Dataset content -
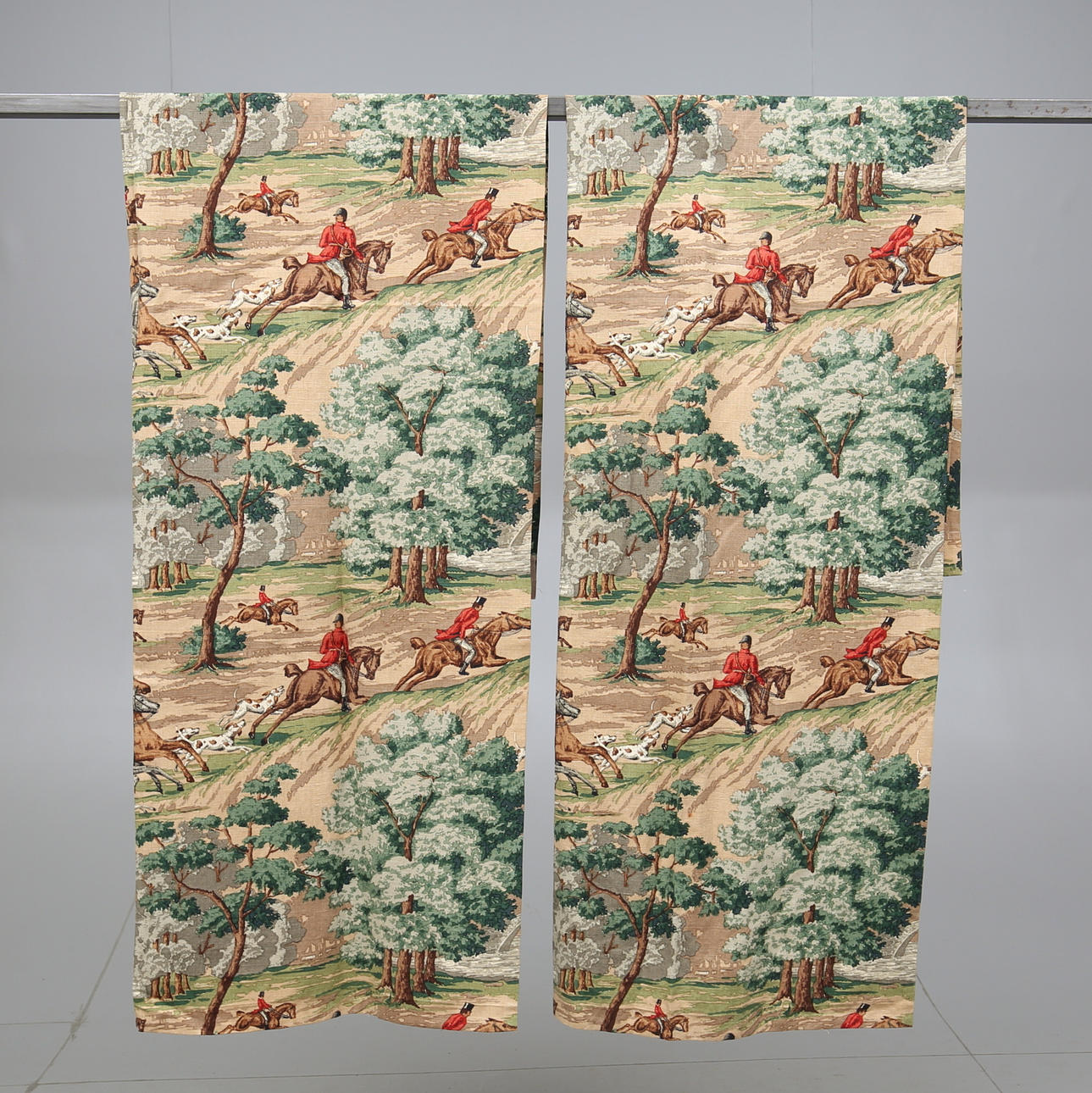 GARDINER, "Tally Ho", Sanderson.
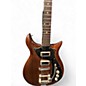 Vintage 1968 Gretsch Guitars Corvette Vintage Natural Solid Body Electric Guitar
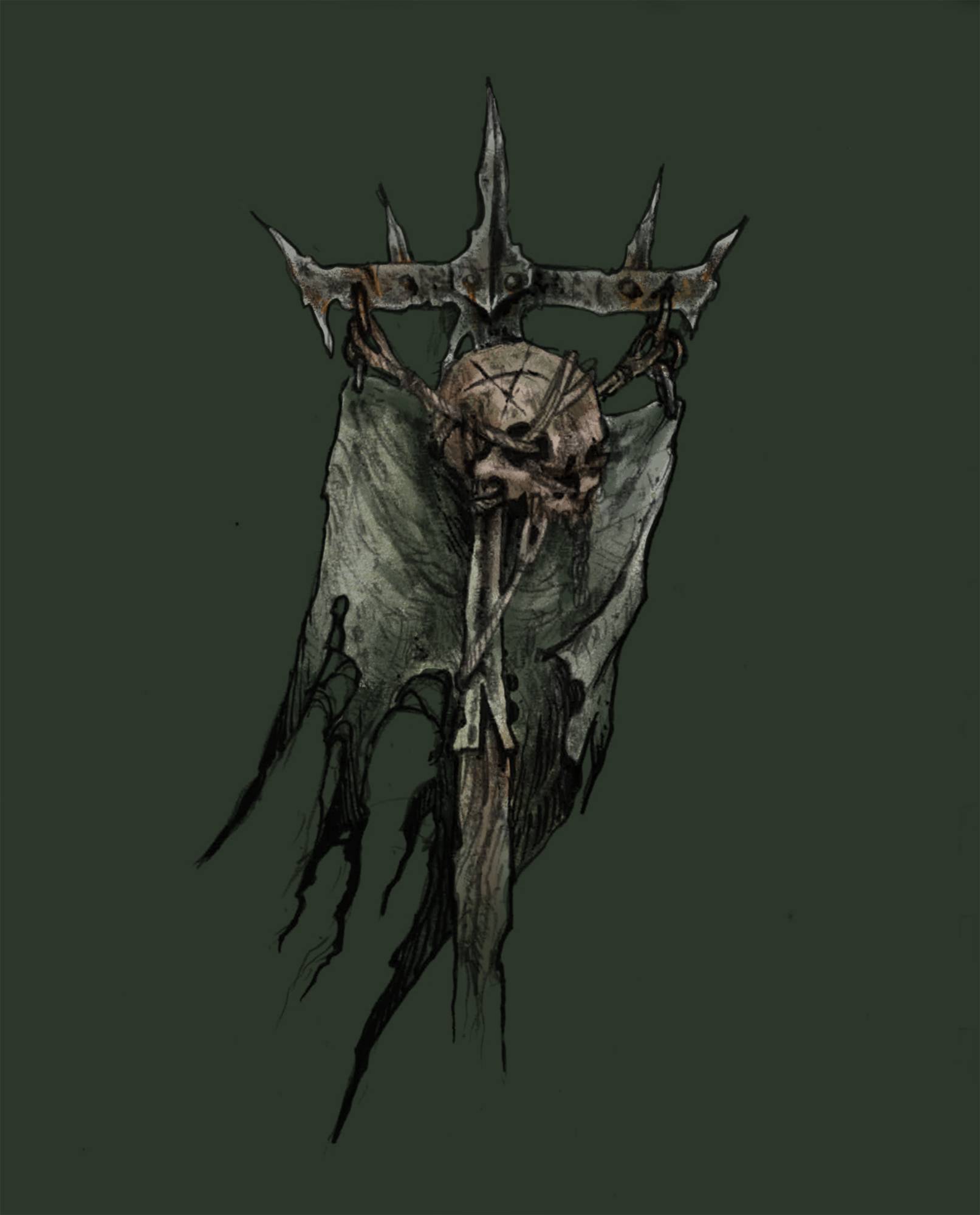 Hardware - Ritual dust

What to work on -
Return the data above in its exact wording, with none of the pictures.

Solution to this problem -
 GARDINER, "Tally Ho", Sanderson.
 Vintage 1968 Gretsch Guitars Corvette Vintage Natural Solid Body Electric Guitar
 Hardware - Ritual dust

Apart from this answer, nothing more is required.